I posed as a businesswoman who wanted to get rich and ‘consulted’ 10 witchdoctors.

The consultations included talking to a hedge and telling my problems to a chicken. These are regarded as intermediaries between the witchdoctor, their ancestors and the spirits, or "jinns". The witchdoctors used old German and English coins with holes in the middle, cowry shells, pebbles, nails, nuts and bolts, screws, crosses with the little figure representing Jesus, and beads which they would shake in a red or white cloth and throw on the ground, while incense burned from all around. Sticky green stems or old money notes are put between pages from the Koran. Then the witchdoctors would speak in Arabic and the local Sukuma language and translate or use an interpreter to get the message through to me.

I presented the same case to all of them and got different solutions. The consultation fee ranged from $20 to $100 per session, with a promise of returning for a further problem-solving process.
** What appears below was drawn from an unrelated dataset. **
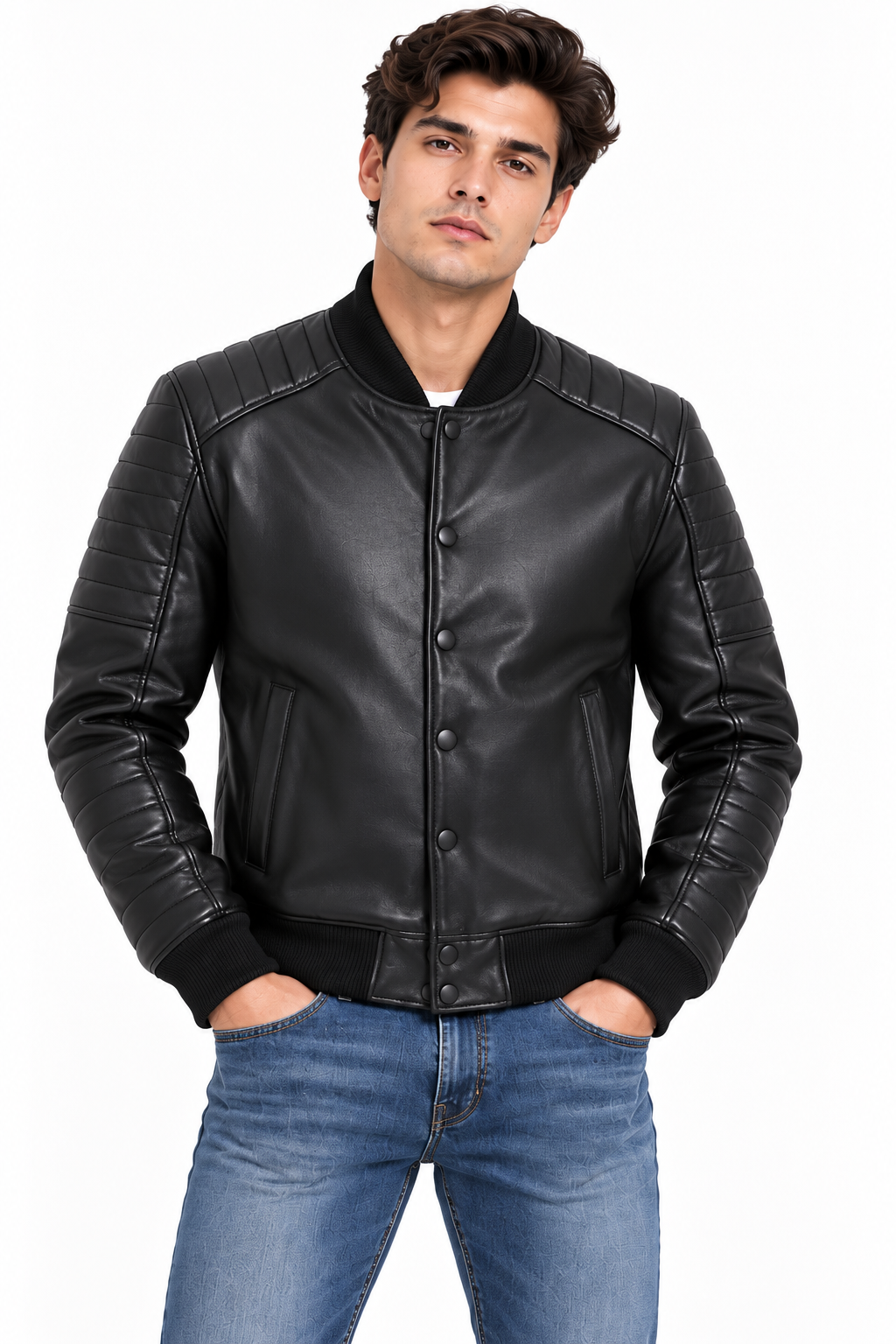 Men's Black Lamb Leather Quilted Bomber Jacket - image 3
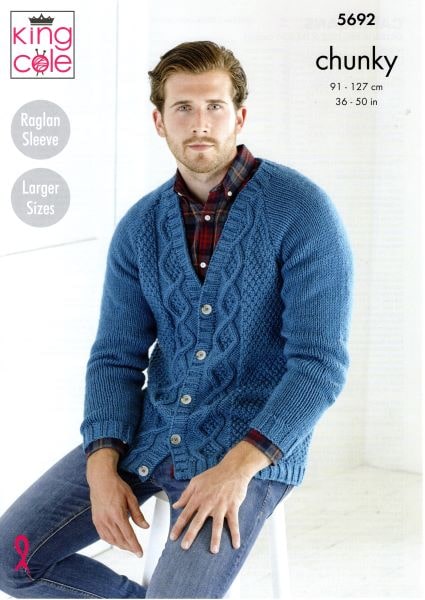 Cottontail Crafts - King Cole Knitting Pattern 5692 - Men's Cardigans ...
All of them gave me different suggestions of who my enemies were - not by name but by description. None got anything right, most importantly my true mission. But that did not stop me from praying for my safety, as that was the only defense I had.

Never in my life had it occurred to me that I would one day be sitting in front of a witchdoctor, also known as sangomas or voodoo priests and priestesses. Coming from a religious family, it was unthinkable to approach or even go near the compound of such people.

I met a registered traditional healer who uses African herbs to cure ailments in Magu, the town that shares the name with the district which is known to be the hub of sorcery. This man condemned the way ‘conmen and foreign witchdoctors’ lured locals into trusting them, before hiring murderers to organise raids on homes of albinos just after sunset.

Two of the witchdoctors I consulted promised to get me a magic concoction mixed with ground albino organs. The starting price was $2,000 for the vital organs. Another told me that the police were among his customers and that he could make a special potion mixed with ground male and female private parts to enable people to commit armed robbery without being caught.

The encounter with witchdoctor number three was in a village called Gambusi, the most feared area in the region. The compound had about eight huts around the outside, with a more elaborate structure in the middle. Here a man in his forties wearing a white T-Shirt and khaki trousers with a mobile phone on his belt asked me whether I had brought a chicken. "What for?" I asked. He laughed and said that I was forgiven because he realised that I was a novice in the business. He demanded $2 for a tiny three-week-old chicken and $3 for the fortune-telling. I was then told to get out of the compound, face south-east, where I hail from - Dar es Salaam - spit on the bird's head, back, tail and on my hand and have a heart-to-heart talk with the chick revealing all my problems. He asked for $200 for the consultations and said I should spend two nights there before completing the process. But when I told him that I had only $30 he told me to go away and return when I had the full amount.

When I went back with other BBC colleagues, his nephew was there to receive me. He said he knew what I wanted and said he would find me albino blood, hair, leg and palms for $2,000. He charged me $55 for the initial consultations and asked me to return with the rest of the money.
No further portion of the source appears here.